**Supplied material:**
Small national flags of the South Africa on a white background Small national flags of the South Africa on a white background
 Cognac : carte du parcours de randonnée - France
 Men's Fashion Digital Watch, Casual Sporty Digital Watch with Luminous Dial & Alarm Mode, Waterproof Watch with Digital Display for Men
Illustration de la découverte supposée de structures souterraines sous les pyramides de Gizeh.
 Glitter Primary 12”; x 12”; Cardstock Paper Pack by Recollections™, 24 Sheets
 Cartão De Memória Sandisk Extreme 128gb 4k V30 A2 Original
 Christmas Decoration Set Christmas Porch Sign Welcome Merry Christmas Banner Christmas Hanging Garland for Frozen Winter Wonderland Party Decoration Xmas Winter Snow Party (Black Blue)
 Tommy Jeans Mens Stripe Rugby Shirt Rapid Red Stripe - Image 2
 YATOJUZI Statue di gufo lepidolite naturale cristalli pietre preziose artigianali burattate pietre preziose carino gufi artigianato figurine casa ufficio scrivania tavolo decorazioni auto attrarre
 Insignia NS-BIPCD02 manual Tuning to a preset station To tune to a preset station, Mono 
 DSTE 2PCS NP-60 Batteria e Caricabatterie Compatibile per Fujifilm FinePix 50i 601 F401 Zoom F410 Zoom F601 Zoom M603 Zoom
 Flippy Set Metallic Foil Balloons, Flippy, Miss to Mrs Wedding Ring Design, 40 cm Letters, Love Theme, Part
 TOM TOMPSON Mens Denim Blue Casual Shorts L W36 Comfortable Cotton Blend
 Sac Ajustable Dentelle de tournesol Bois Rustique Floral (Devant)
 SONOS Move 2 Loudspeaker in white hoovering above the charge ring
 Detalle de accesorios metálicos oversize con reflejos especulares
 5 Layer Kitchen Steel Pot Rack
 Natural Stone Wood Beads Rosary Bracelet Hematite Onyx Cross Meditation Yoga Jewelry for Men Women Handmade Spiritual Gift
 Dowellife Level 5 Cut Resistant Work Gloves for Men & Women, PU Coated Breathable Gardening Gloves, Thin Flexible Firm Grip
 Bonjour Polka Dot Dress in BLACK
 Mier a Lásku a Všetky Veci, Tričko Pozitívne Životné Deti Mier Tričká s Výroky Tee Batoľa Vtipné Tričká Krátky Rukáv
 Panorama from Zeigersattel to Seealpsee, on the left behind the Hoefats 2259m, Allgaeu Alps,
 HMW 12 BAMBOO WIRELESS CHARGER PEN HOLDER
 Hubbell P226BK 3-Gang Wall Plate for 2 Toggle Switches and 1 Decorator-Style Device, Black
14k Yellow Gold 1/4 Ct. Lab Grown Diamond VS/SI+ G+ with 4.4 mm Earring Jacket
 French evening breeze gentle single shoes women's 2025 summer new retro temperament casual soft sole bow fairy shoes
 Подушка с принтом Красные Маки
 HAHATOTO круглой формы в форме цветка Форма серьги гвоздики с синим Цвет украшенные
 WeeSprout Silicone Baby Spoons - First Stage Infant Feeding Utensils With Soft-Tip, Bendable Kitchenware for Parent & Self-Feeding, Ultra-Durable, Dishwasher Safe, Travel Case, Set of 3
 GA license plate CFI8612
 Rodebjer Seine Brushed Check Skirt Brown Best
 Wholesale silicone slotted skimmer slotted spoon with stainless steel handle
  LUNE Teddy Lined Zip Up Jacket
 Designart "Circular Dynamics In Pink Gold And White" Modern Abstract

**What is being asked:**
Above this task is a listing. Restate, word for word and with nothing added, the lines from the one with "Natural Stone Wood" through the one with "French evening breeze".

**Response box:**
 Natural Stone Wood Beads Rosary Bracelet Hematite Onyx Cross Meditation Yoga Jewelry for Men Women Handmade Spiritual Gift
 Dowellife Level 5 Cut Resistant Work Gloves for Men & Women, PU Coated Breathable Gardening Gloves, Thin Flexible Firm Grip
 Bonjour Polka Dot Dress in BLACK
 Mier a Lásku a Všetky Veci, Tričko Pozitívne Životné Deti Mier Tričká s Výroky Tee Batoľa Vtipné Tričká Krátky Rukáv
 Panorama from Zeigersattel to Seealpsee, on the left behind the Hoefats 2259m, Allgaeu Alps,
 HMW 12 BAMBOO WIRELESS CHARGER PEN HOLDER
 Hubbell P226BK 3-Gang Wall Plate for 2 Toggle Switches and 1 Decorator-Style Device, Black
14k Yellow Gold 1/4 Ct. Lab Grown Diamond VS/SI+ G+ with 4.4 mm Earring Jacket
 French evening breeze gentle single shoes women's 2025 summer new retro temperament casual soft sole bow fairy shoes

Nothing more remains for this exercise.